- **YOUR ASSIGNMENT**: Repeat exactly the lines of the entries below from the one with "The curved white-sand bay at Tarrafal" through the one with "JHYUUKAU Android 13", both ends included, and nothing else.

(Beginning of EXERCISE DATA)

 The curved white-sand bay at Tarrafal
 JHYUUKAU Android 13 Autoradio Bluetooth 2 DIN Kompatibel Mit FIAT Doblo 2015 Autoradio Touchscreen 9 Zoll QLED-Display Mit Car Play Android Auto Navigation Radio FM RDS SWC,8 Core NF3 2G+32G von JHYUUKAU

(End of EXERCISE DATA)
(Beginning of EXERCISE DATA)

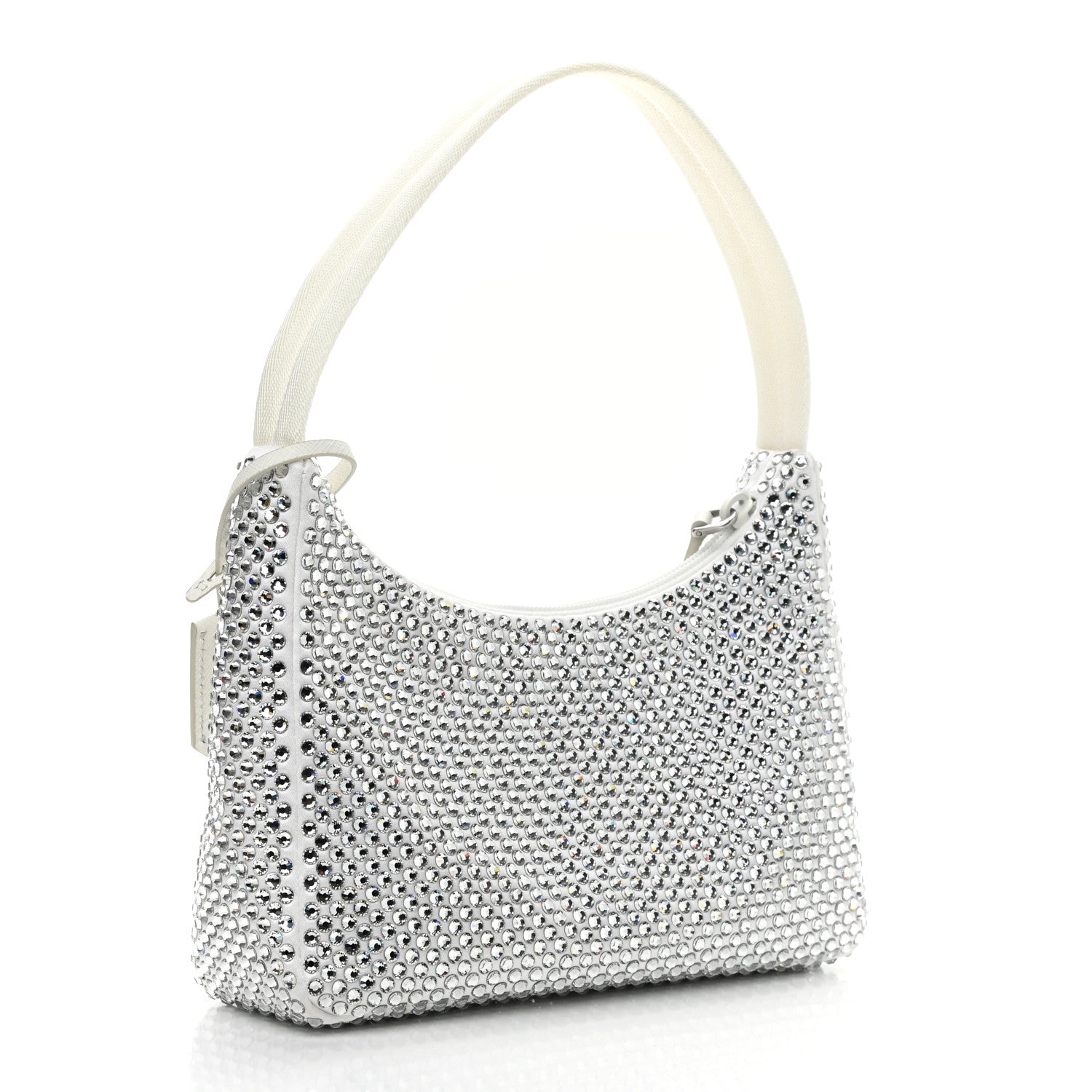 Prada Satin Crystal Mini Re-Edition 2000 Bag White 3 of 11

(End of EXERCISE DATA)

- **ANSWER BOX**:
 The curved white-sand bay at Tarrafal
 JHYUUKAU Android 13 Autoradio Bluetooth 2 DIN Kompatibel Mit FIAT Doblo 2015 Autoradio Touchscreen 9 Zoll QLED-Display Mit Car Play Android Auto Navigation Radio FM RDS SWC,8 Core NF3 2G+32G von JHYUUKAU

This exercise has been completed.